Imam berjanji bahwa kepolisian akan melakukan penegakan hukum dengan lebih tegas dalam soal penerimaan negara ini. Polisi akan tegas, adil, proporsional, dan tidak pandang bulu.
Dalam pengamanan pajak, katanya, aspek pengawasan dan pencegahan tidak boleh dilupakan, meskipun aspek penindakan tidak kalah penting. Keberhasilan penerimaan pajak juga menjadi kebanggan bagi kepolisian. "Kebanggaan kami adalah bagaimana menarik pajak sebesar-besarnya,' kata Imam.
Kesepakatan kerjasama dengan kepolisian itu sesungguhnya sudah ditandatangani pada 8 Maret 2012 lalu. Tiga unit kepolisian yang terlibat dalam kerjasama itu adalah Badan Reserse Kriminal, Badan Pemelihara Keamanan dan Badan Intelijen Keamanan Polri.
Sedangkan kerjasama dengan kejaksaan ditandatangani pada 5 April 2012. Dari kejaksaan yang ikut dalam kerjasama ini adalah Jaksa Agung Muda Bidang Tindak Pidana Umum, Jaksa Agung Muda Bidang Perdata, dan Tata Usaha Negara, dan Jaksa Agung Muda Bidang Intelijen.
Kesepakatan bersama antara Polri dengan Ditjen Pajak itu mengatur mengenai kerjasama dalam penyidikan perpajakan, pengamanan kegiatan, dan pelaksanaan tugas Ditjen Pajak seperti sensus perpajakan, pemanfaatan data, dan informasi. 
Sedangkan, kesepakatan Kejaksaan dengan Ditjen Pajak mengatur tentang kerjasama dalam proses penuntutan perkara tindak pidana perpajakan, kerja sama dan dukungan dalam pelaksanaan tugas di bidang perdata dan tata usaha negara seperti pemberian bantuan hukum, pertimbangan hukum, dan tindakan hukum lainnya.

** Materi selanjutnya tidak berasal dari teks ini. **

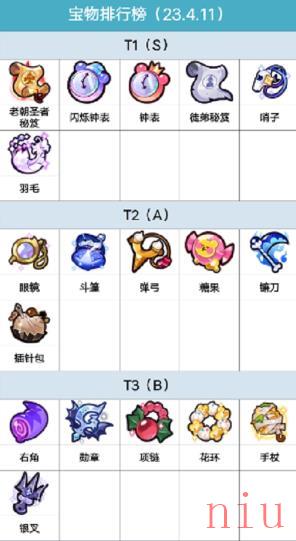 冲呀饼干人王国宝物排行榜2023 最新王国宝物排行榜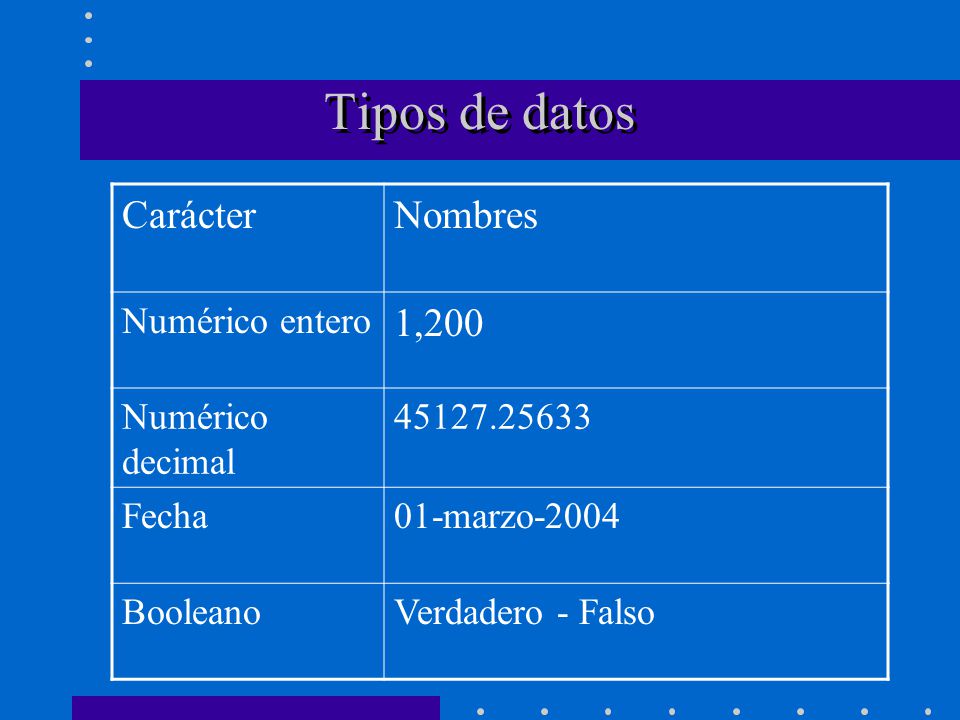 Tipos de datos Carácter Nombres 1,200 Numérico entero Numérico decimal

Banyak Toko di Mal Tak Bayar Pajak
Direktur Jenderal Pajak Kementerian Keuangan, Fuad Rahmany mengungkapkan bahwa selama ini masih banyak pengusaha ritel di pusat-pusat perbelanjaan belum membayar pajak. 
Mereka berkedok Usaha Kecil dan Menengah (UKM) yang saat ini belum dikenakan pajak. "Mereka berlindung dalam istilah UKM, padahal omzet mereka sudah miliaran," ujar Fuad di kantornya di Jakarta, Rabu 24 Oktober 2012.
Praktik tersebut masih banyak dilakukan di pusat-pusat perbelanjaan. Petugas pajak kesulitan mendata, karena hanya dihadapkan pegawai toko, sedangkan pemilik tokonya sulit ditemui. "Di sebuah mall di Mangga Dua, banyak yang belum bayar pajak. Itu toko-toko kecil, kami tidak tahu omzetnya," katanya.
Pendapatan pajak ini sangat penting bagi penerimaan negara. Terutama untuk membiyai subsidi yang diberikan pemerintah. Pertengahan tahun ini, Presiden Susilo Bambang Yudhoyono menerbitkan dua kebijakan untuk menahan membengkaknya anggaran subsidi, menyusul batalnya rencana kenaikan bahan bakar minyak.
Kedua kebijakan itu adalah mencegah naiknya defisit dengan menaikkan pendapatan pajak dan mengoptimalisasi belanja negara, serta mengurangi subsidi dengan penghematan. "Agar penerimaan pajak meningkat tanpa menaikkan tarif, pemerintah akan meningkatkan jumlah wajib pajak dan meningkatkan tingkat kepatuhan," kata Presiden saat itu.